Retold by Ashley Ramsden

Illustrated by Ed Young

Cut paper collage

A Neal Porter Book

"I was intrigued by this uniquely Nordic version of a spiritual quest," writes Ed Young. "No one thought it was ideal children's book material, even though I've always maintained that children are perfectly capable to comprehending much deeper thoughts and feelings than we are willing to acknowledge."

This is an Ed Young book, and that mean it is going to be beautiful to look at, beautiful to flip through, beautiful to hold. So damned artful in it design and presentation. I love the brown pages, the splatter of white paint for snow, the rough, charcoal outlines of his characters.

"One winter's evening, a lone traveler trudged down a winding forest road looking for a place to spend the night." A more classic beginning to a folk-tale than any I've heard. Coming across an old house where an old man chops wood, the traveler asks for a place to stay.

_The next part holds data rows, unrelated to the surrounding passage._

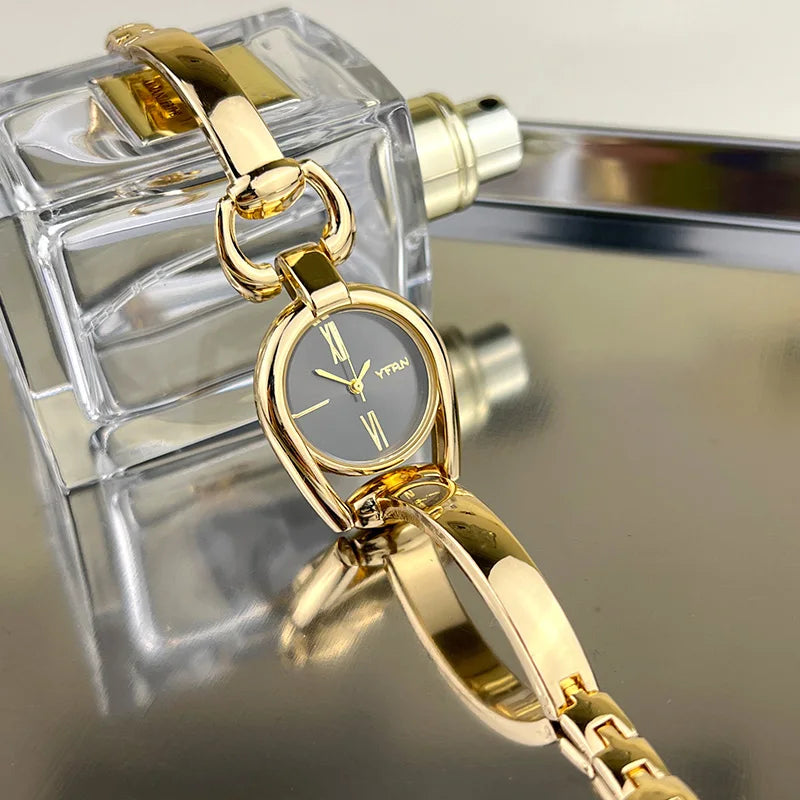 Retro Button Bracelet Watch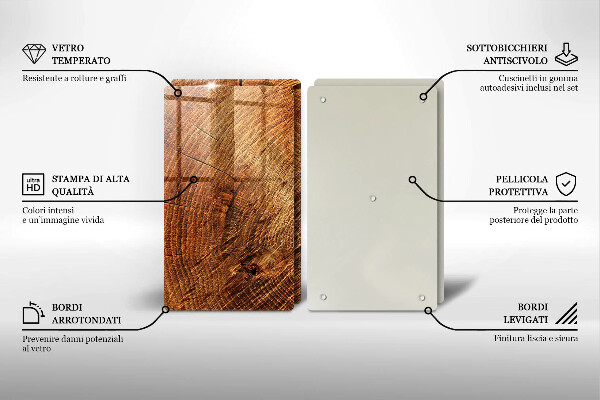 Kuchynská doska veľká zo skla Drevo stromu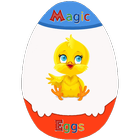 Surprise Eggs for Kids-Animals icône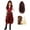 Pirate Costume with Wig, variant on Halloween Pirate Costume - 4-Piece G"irl"s Princess Anime Cosplay Costume Outfits for Fancy-Dress Up Party Night, Size:110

"You'll have to ask my father," is the response. "He's around back, in the kitchen."

Inside is another old man, "older than the last," and the traveler again asks for a place to stay.

"You'll have to ask my father. He is in the parlor."

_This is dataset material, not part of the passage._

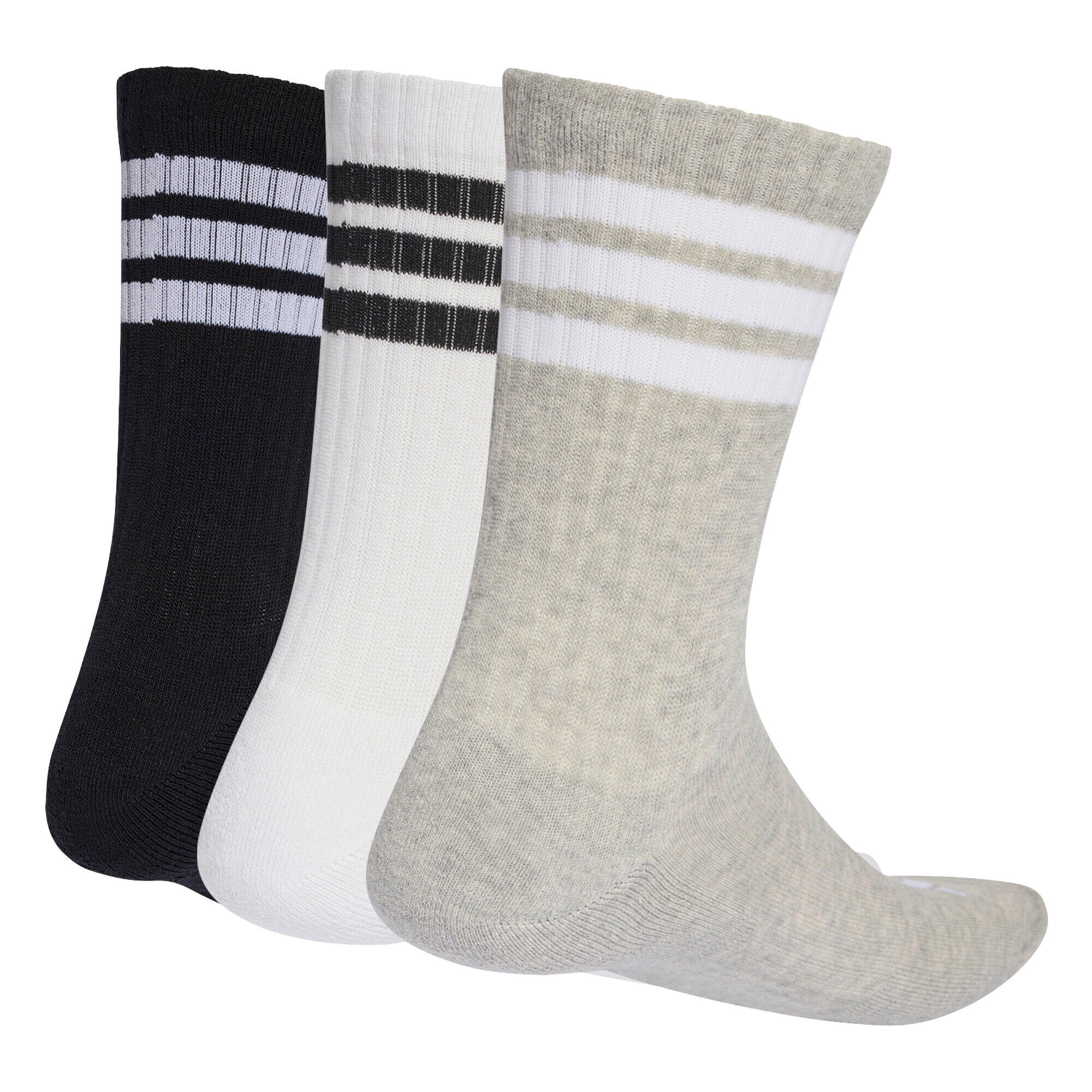 Lot de 3 paires de chaussettes mi-mollet rembourrées 3 bandes 5/7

The trick of the narrative begins to unveil itself. Indeed, in the parlor, sits an old man, "much older than the last." On and on. Ramsden's writing becomes more playful the further in we go. The traveler meets, "a very, very, very, very, very old man. His head was small and shrunken with just a wisp of white hair on the pillow."

Followed by: "a very, very, very, very, very, very, very, very, very old man, so small, so shrunken, he was no bigger than a baby."

The traveler closed his eyes and listened for a reply, bit all he could hear was a gurgling noise than fluttered and quivered and shook until finally he was able to make out some faint words: "I am not the father of this house."

I couldn't help but think of ill-fated astronaut Dave Bowman, navigating his way through the interior of the monolith, and wondered if Kubrick had any Nordic blood in his directorial veins.

"In the storytelling tradition, we often say, 'Behind me is the one I heard this story from... and behind that storyteller the one who told them the tale...' and so on," writes the author, who is himself primarily an oral storyteller. "Amongst the first peoples there was always a profound sense of how we are all connected to the one who came before us and the spiritual origin that underpin our entire existence."